Details
-
Bug
-
Status: Resolved
-
Normal
-
Resolution: Not A Problem
-
None
-
None
-
Unix, Cassandra 2.0.3
-
Normal
Description
We have a Geo-red setup with 2 Data centers having 3 nodes each. When we bring down a single Cassandra node down in DC2 by kill -9 <Cassandra-pid>, reads fail on DC1 with TimedOutException for a brief amount of time (15-20 sec~).
Questions:
1. We need to understand why reads fail on DC1 when a node in another DC i.e. DC2 fails? As we are using LOCAL_QUORUM for both reads/writes in DC1, request should return once 2 nodes in local DC have replied instead of timing out because of node in remote DC.

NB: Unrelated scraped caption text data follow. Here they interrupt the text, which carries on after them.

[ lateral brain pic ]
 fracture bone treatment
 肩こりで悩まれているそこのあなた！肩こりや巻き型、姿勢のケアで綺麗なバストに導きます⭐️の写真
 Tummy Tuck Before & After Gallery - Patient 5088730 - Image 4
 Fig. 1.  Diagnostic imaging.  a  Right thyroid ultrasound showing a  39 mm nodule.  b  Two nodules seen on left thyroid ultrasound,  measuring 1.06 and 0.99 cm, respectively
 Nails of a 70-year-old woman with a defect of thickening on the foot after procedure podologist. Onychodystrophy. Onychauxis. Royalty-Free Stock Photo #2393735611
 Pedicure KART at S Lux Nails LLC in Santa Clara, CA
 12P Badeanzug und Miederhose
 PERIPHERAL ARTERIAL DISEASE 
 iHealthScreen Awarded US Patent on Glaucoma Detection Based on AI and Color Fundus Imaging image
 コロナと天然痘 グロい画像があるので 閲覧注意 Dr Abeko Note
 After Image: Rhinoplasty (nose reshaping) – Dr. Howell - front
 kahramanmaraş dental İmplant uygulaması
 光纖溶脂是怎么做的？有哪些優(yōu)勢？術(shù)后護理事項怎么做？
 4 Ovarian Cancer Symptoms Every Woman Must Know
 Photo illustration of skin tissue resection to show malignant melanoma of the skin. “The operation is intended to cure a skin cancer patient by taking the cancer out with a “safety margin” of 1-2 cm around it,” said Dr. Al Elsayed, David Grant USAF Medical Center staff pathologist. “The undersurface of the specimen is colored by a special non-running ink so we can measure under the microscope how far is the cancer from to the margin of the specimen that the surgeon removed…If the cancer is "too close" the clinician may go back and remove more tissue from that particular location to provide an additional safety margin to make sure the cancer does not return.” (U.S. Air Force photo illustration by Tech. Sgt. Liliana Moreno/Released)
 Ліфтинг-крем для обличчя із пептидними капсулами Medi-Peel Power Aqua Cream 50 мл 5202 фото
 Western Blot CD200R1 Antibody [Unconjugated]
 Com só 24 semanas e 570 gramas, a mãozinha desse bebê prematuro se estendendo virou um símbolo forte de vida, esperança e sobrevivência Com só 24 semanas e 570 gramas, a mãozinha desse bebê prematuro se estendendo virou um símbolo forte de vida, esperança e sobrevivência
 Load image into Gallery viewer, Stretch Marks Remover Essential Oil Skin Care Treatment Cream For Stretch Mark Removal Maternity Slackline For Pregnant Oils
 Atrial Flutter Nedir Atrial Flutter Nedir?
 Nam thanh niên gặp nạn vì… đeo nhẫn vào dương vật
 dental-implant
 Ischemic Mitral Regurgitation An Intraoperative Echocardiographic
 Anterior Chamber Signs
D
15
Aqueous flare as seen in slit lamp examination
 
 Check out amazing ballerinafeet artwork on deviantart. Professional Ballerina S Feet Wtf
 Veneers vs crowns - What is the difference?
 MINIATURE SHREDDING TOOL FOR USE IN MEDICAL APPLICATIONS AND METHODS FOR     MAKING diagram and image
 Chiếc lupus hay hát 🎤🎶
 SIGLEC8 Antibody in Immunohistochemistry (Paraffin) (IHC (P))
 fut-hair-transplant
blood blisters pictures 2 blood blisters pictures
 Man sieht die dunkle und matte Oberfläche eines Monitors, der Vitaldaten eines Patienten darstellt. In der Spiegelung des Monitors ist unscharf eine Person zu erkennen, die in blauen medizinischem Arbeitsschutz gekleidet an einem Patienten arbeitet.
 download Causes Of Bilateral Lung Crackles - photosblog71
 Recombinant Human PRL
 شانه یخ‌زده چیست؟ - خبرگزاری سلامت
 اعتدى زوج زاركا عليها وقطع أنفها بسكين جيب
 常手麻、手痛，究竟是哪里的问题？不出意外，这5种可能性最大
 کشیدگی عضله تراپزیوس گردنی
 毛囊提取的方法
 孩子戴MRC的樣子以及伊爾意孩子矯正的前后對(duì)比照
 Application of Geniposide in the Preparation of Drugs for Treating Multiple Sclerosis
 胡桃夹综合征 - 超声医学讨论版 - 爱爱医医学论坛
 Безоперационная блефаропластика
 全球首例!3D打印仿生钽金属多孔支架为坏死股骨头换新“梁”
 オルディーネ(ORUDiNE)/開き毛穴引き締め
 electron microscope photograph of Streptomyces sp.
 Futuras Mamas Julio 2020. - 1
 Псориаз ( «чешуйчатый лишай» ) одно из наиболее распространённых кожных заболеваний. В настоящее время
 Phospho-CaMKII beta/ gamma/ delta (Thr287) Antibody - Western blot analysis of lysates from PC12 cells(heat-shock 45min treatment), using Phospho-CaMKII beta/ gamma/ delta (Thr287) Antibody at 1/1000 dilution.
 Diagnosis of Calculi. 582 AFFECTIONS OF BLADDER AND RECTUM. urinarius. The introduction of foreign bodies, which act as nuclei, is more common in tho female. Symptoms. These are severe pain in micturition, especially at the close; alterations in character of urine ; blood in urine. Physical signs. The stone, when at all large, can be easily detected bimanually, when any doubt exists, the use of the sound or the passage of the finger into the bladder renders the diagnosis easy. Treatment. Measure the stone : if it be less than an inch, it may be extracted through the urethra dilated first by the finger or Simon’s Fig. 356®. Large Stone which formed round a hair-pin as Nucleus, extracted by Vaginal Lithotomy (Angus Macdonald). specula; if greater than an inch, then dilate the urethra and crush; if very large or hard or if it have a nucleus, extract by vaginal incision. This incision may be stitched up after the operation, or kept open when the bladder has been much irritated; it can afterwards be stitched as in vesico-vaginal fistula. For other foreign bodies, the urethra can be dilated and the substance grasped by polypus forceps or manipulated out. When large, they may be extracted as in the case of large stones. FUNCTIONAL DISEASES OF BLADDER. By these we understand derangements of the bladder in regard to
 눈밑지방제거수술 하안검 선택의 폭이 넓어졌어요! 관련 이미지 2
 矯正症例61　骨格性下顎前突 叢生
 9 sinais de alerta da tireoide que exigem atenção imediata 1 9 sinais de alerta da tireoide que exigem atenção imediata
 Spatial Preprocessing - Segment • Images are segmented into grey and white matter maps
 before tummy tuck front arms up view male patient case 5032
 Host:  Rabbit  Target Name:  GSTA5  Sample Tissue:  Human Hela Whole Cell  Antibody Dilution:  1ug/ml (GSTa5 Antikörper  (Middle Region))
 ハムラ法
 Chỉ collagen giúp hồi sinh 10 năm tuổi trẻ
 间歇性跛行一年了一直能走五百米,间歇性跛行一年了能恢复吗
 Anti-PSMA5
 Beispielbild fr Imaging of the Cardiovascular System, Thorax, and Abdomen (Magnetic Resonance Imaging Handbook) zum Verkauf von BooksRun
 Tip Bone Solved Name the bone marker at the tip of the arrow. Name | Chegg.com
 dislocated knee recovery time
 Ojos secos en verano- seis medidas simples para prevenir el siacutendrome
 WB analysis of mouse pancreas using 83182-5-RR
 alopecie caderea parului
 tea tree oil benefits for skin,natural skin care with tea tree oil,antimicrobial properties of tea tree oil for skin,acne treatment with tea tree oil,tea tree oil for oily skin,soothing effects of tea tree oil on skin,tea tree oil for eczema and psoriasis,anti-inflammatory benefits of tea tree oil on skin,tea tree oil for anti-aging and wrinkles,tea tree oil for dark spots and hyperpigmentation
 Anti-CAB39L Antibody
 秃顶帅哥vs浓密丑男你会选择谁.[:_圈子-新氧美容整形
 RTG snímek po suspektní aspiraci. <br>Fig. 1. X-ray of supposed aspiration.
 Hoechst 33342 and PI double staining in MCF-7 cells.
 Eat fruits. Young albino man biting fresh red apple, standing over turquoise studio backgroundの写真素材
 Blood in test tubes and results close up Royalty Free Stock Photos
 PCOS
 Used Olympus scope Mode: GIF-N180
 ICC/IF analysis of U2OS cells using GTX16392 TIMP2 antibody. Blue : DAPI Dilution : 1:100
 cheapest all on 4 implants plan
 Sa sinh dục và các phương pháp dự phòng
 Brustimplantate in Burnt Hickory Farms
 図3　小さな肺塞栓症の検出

2. We want to make sure that no Cassandra requests fail in case of node failures. We used rapid read protection of ALWAYS/99percentile/10ms as mentioned in http://www.datastax.com/dev/blog/rapid-read-protection-in-cassandra-2-0-2. But nothing worked. How to ensure zero request failures in case a node fails?
3. What is the right way of handling HTimedOutException exceptions in Hector?
4. Please confirm are we using public private hostnames as expected?
We are using Cassandra 2.0.3.